Recommandations du Conseil

RECOMMANDATION N°1 :

Au regard de ces éléments, le Conseil ne peut que maintenir sa demande de suspendre l’application du décret et les expérimentations en cours. Cette suspension doit se prolonger au-delà de l’audit mené par la DINSIC et de l’ANSSI, jusqu’à la tenue d’un débat contradictoire public sur la base d’objectifs clairs et d’architectures techniques alternatives.

Pour ce faire :

  1. Le Conseil appelle le gouvernement à rendre publique une analyse justifiant le choix établi et à supprimer des éventuels éléments dont la publication serait susceptible de mettre en danger la sécurité du projet. Cette analyse devrait inclure une quantification des avantages attendus de l’extension de la base TES dans le cadre du plan Préfectures Nouvelle Génération. Elle devrait justifier de l’utilité même de conserver des données biométriques pour atteindre les finalités avancées. Elle devrait enfin justifier que le choix de conserver ces données sous une forme centralisée offre les meilleures garanties en matière de libertés publiques au regard des règles européennes sur la protection des données.

  2. Une fois ces éléments élaborés et discutés, et une fois publié le résultat de l’audit de sécurité par l’ANSSI et la DINSIC justifiant notamment de l’impossibilité technique d’utiliser le dispositif à des fins d’identification, le Conseil recommande que soit mise en oeuvre une procédure de consultation auprès des communautés scientifique et technologique pour procéder à une analyse des solutions en présence, à une évaluation des risques et des coûts et à l’élaboration éclairée d’architectures adéquates. Les conclusions de cette analyse devraient être présentées publiquement afin qu’une parfaite transparence soit faite quant aux choix politiques et technologiques retenus.

  3. Suite à l’élaboration de ces deux analyses, de nouveaux avis conformes de la CNIL, de l’ANSSI et de la DINSIC devraient être demandés.

RECOMMANDATION N°2 :

Le Conseil recommande par ailleurs d’initier un débat public avec les citoyens, les acteurs de la société civile, le secteur privé et le secteur public sur les sujets de l’identité administrative et de l’identité en ligne. L’objectif de ce débat est de porter une réflexion globale sur les facettes de l’identité à l’ère numérique (rôles respectifs et articulation entre FranceConnect, chaîne de traitement des passeports et de la CNI, identités numériques publiques et privées), qui prenne en compte la généralisation des smartphones, les avancées et l’état de l’art en matière d’architectures (webservices, interfaces de programmation et informatique en nuage).

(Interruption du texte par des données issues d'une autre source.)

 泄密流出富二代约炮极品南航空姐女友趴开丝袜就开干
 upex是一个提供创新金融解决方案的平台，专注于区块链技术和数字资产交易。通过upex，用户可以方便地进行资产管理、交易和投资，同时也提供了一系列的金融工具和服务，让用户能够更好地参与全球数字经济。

Le Conseil appelle le gouvernement à encourager la recherche publique sur les sujets de l’identité numérique — encore peu soutenue en France — de la biométrie et des moyens de sa sécurisation.

RECOMMANDATION N° 3 :

Le Conseil recommande enfin de poursuivre l'adaptation du modèle public de gouvernance des choix technologiques dans la mesure où ces décisions majeures vont se multiplier dans les prochaines années. Au-delà de la polémique, l’extension de la base TES apparaît comme le symptôme d’un processus décisionnel qui, en matière technologique, n’intègre pas suffisamment les exigences d’une vision politique de long terme.

À cette fin, le Conseil appelle le Gouvernement à :

  1. Édicter rapidement un cadre général constitué de normes et de bonnes pratiques communes aux administrations et s’appliquant à tous projets numériques susceptibles d’avoir un impact significatif sur leurs publics. Ce cadre pourrait prévoir que tout choix technologique important fasse préalablement l'objet d'une étude d’impact approfondie expliquant les choix effectués (sur le modèle de l’analyse d'impact relative à la protection des données imposé par le Règlement général pour la protection des données). Un tel cadre général pourrait être rendu à terme opposable par tous, mais une première étape pourrait consister à définir et mettre en oeuvre des règles non-obligatoires (soft law).

  2. Étendre la logique d’État Plateforme en ouvrant le processus de décision publique. L'instruction de tout projet technologique susceptible d’affecter significativement tout ou partie importante de la population devrait nécessairement être discutée, corrigée, amendée en s’appuyant non seulement sur les institutions de référence et les ministères concernés, mais aussi sur l’intelligence collective, les experts et les acteurs du monde académique.

  3. Renforcer le rôle de la CNIL, la DINSIC et l’ANSSI pour en faire des acteurs de premier plan dans cette transformation.